With Google Fiber about to begin a fiber Internet service in Austin, Texas, Time Warner Cable said Thursday it is increasing home broadband speeds in the city by up to six times while keeping the price flat.
The move is a powerful demonstration of the effects of competition in the telecom market. It comes a day after Google announced plans to significantly expand the reach of its broadband data service and as regulators are weighing the effects on competition of a proposed acquisition of Time Warner Cable by Comcast.
Time Warner said all Austin customers will see download speeds increase. At the low end, the $15-per-month 2Mbps (megabit-per-second) service will be increased to 3Mbps downstream. The $65-per-month “Ultimate” 50Mbps service will see download speeds rise to as fast as 300Mbps. Upload speeds will jump at all tariffs except for the $15 service. “Ultimate” uploads will jump from 5Mbps to 20Mbps.
Time Warner said the speeds will be offered by the fall of 2014. Google has promised it will begin connecting homes to its Fiber service from the middle of the year.
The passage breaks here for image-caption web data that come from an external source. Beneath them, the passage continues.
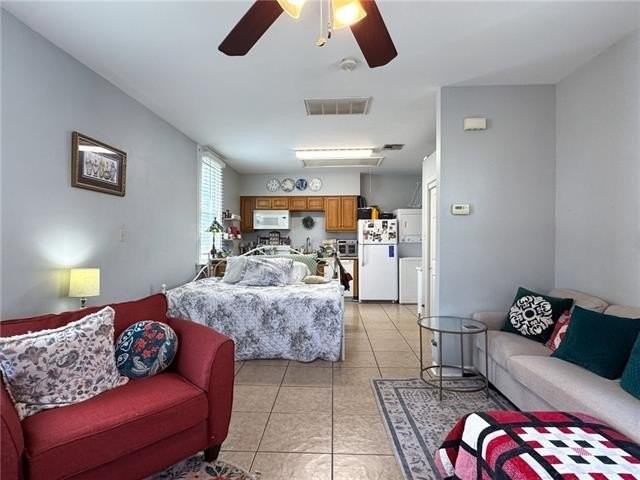 526 S Saint Patrick St #A - Photo 4 of 12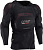 Leatt Защита тела 3DF AirFit Evo V26 в Рязани
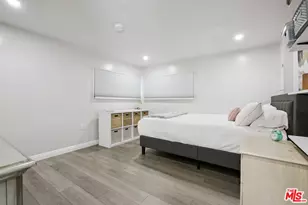 11250 Playa St, Culver City, CA 90230 - Photo 16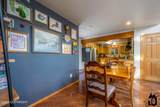 13093 Hayden Berlin Street - Photo 8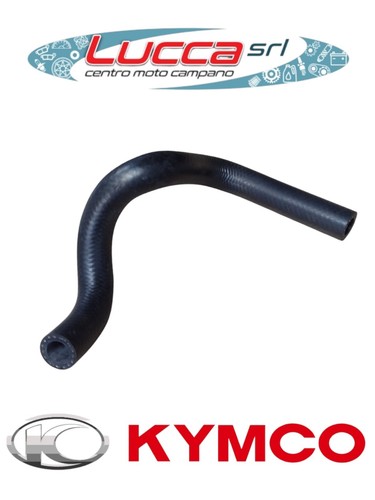 00129968 tubo acqua kymco - tubo,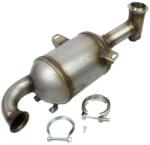 MAXGEAR Catalizator MAXGEAR 27-6261 (27-6261)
Time Warner didn’t explicitly mention Google’s looming Austin launch in a news release, but the company did take a dig at the search engine and advertising giant.
“In stark contrast to our competitors, upon completion of this short rollout phase, these faster speeds and choices will be available to every Time Warner Cable customer in every area we serve in the Austin market, not just select neighborhoods,” Kathy Brabson, the area vice president of operations for Time Warner Cable in Central Texas, said in the release.
Lucky neighborhoods unnamed
Google has yet to announce which neighborhoods will get access to its Fiber service and hasn’t announced its prices, but in Provo, Utah, and Kansas City—the only two places where the service is currently available—it costs $70 per month for Internet service and $120 per month with the addition of cable TV.
Time Warner’s move is exactly the kind of thing Google is hoping to prompt with its entry into the consumer Internet business, said Jeff Kagan, a technology industry analyst.
“Broadband has been growing and speeding up year after year in the U.S., so there’s nothing new with that,” he said. “But Google wanted more speed faster than the network schedule. They are speeding up the transformation of high-speed Internet.”
At present, most consumers don’t need such fast connections. A gigabit connection might mean a Netflix or Amazon movie downloads in a few seconds rather than a few minutes, but there aren’t many other applications—for now.
“Consumers didn’t need all the speed they were getting from their cable company five years ago. Now they do,” he said.
Kagan speculated that future connections may need to go faster as more devices share the same broadband pipe and new applications, such as telemedicine, become more commonplace.
On Wednesday, Google announced a list of 34 candidate cities where its Fiber service could expand next. The company said it will talk with municipalities throughout 2014 before announcing firm expansion plans.